# PROBLEM TO WORK ON:
Reproduce from the records below, with no pictures, exactly the lines between the one containing "Cute highland cow" and the one containing "Monika Linnert (links)", inclusive.
[SOURCE DATA Boundary: Start]
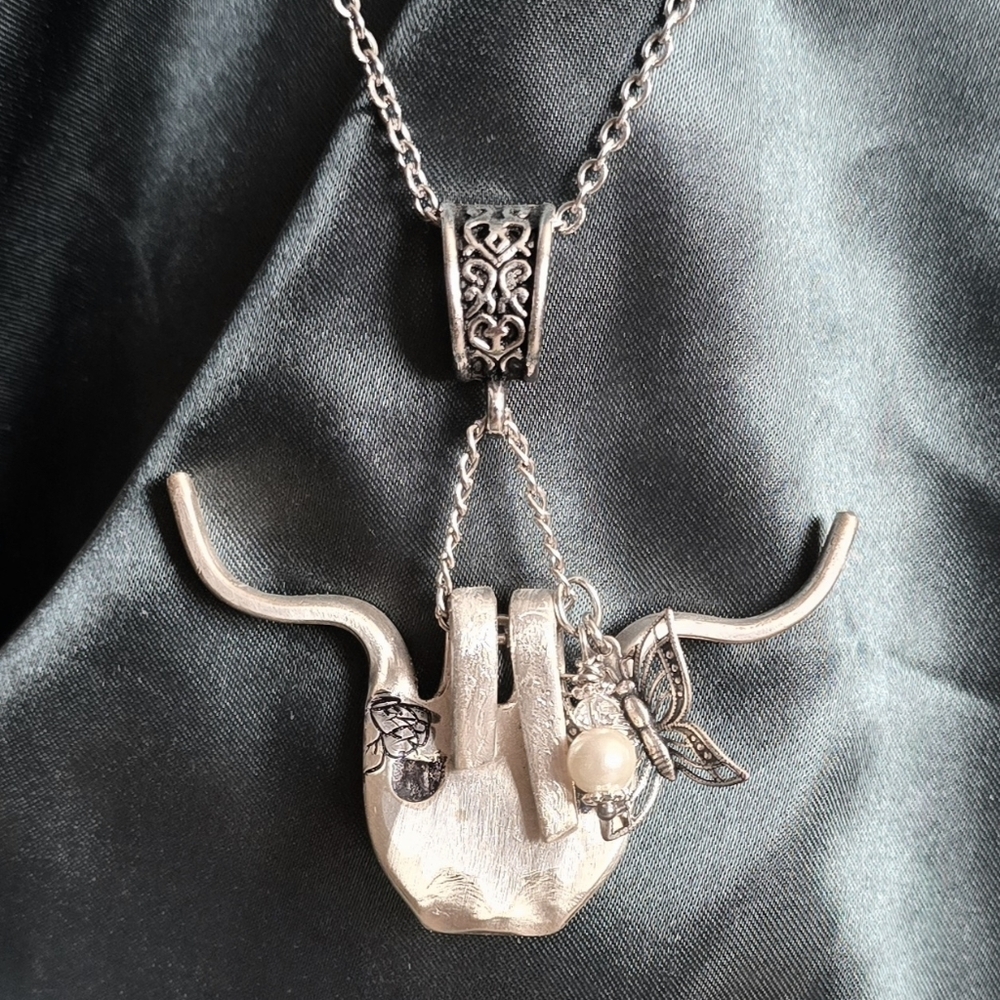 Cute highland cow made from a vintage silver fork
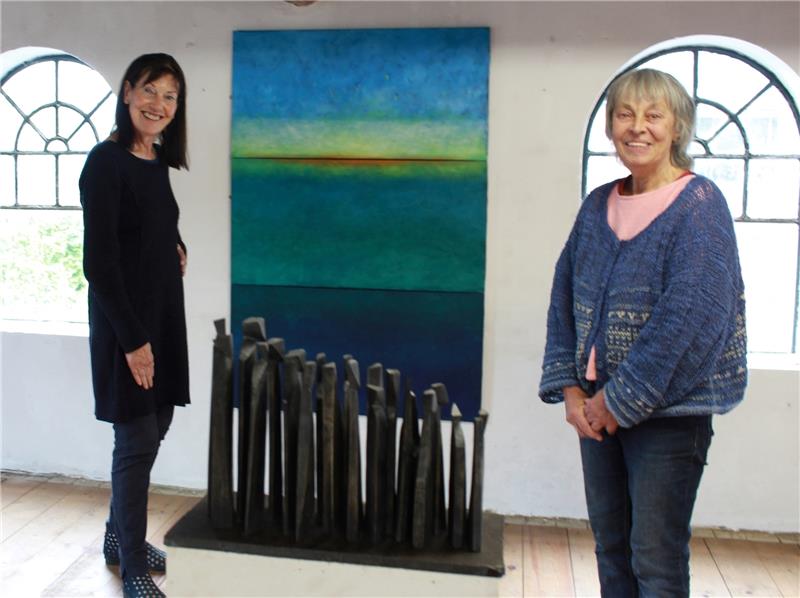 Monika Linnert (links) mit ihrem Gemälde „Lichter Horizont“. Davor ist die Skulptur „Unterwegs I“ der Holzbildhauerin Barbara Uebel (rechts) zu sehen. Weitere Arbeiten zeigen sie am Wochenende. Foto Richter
[SOURCE DATA Boundary: End]
[SOURCE DATA Boundary: Start]
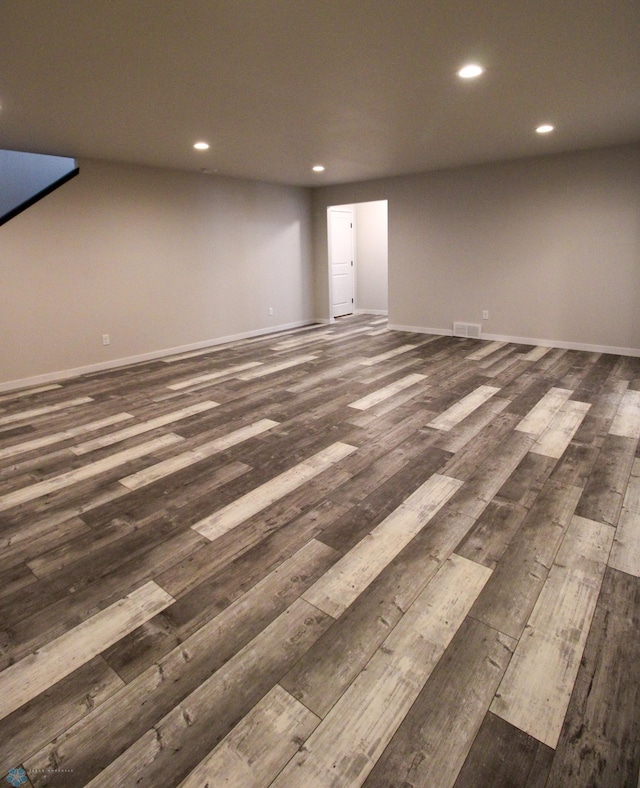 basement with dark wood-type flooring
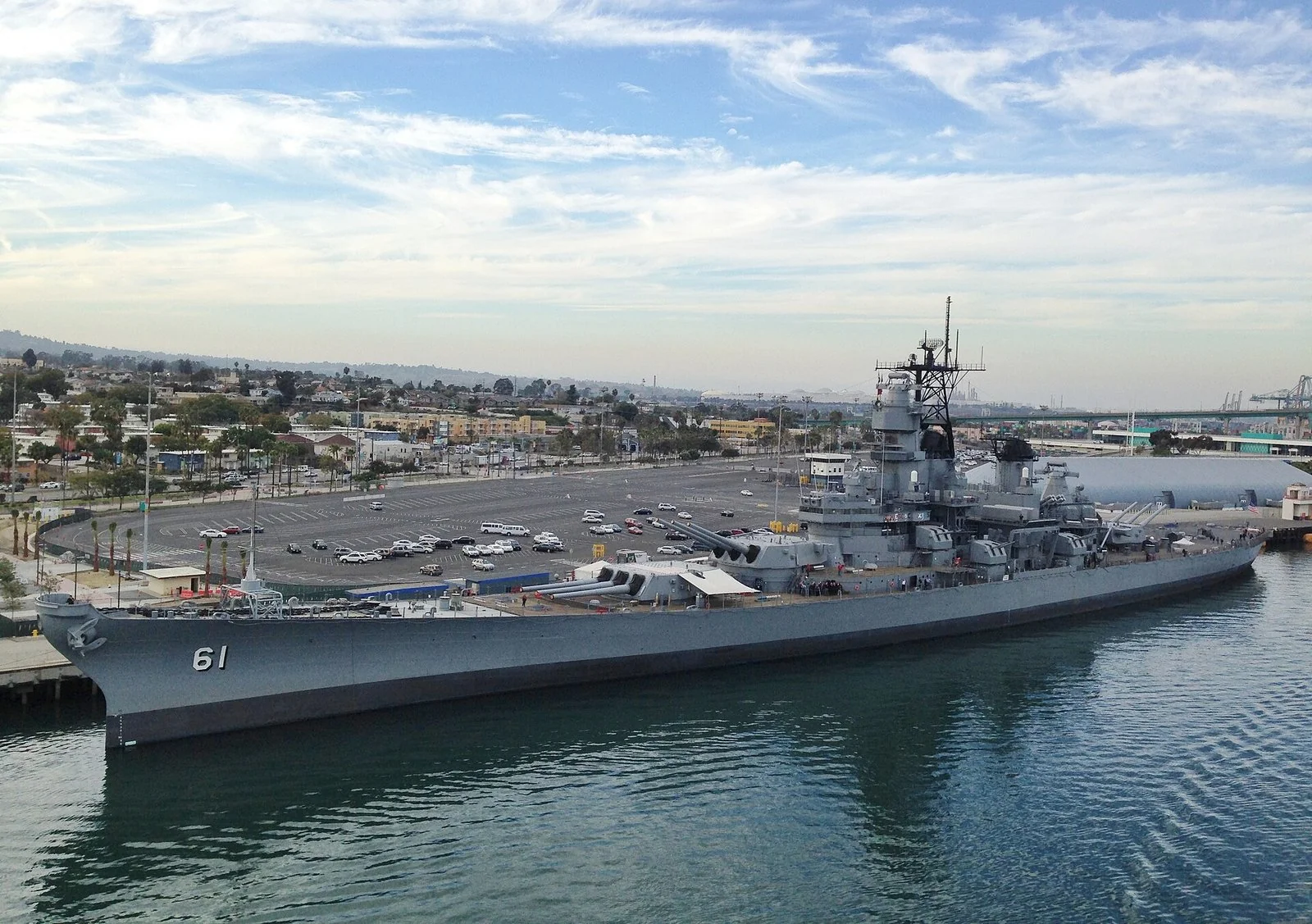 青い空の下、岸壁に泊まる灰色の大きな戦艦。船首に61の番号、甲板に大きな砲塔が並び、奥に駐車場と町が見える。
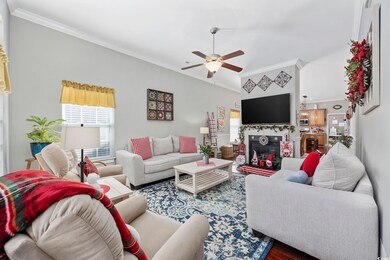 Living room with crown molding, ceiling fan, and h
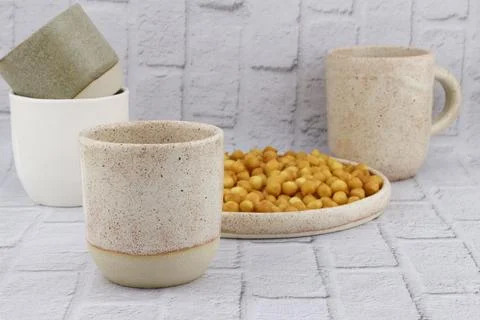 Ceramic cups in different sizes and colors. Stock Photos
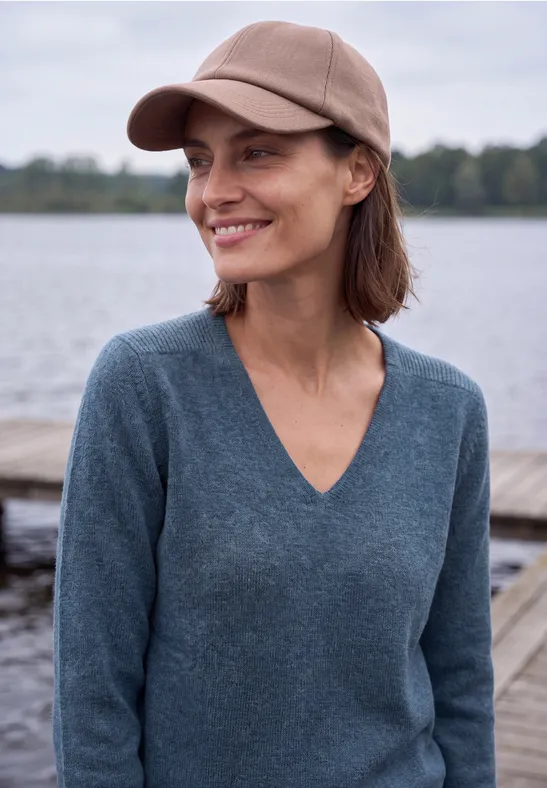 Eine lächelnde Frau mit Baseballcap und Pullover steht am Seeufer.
[SOURCE DATA Boundary: End]
# EXPECTED ANSWER:
 Cute highland cow made from a vintage silver fork
 Monika Linnert (links) mit ihrem Gemälde „Lichter Horizont“. Davor ist die Skulptur „Unterwegs I“ der Holzbildhauerin Barbara Uebel (rechts) zu sehen. Weitere Arbeiten zeigen sie am Wochenende. Foto Richter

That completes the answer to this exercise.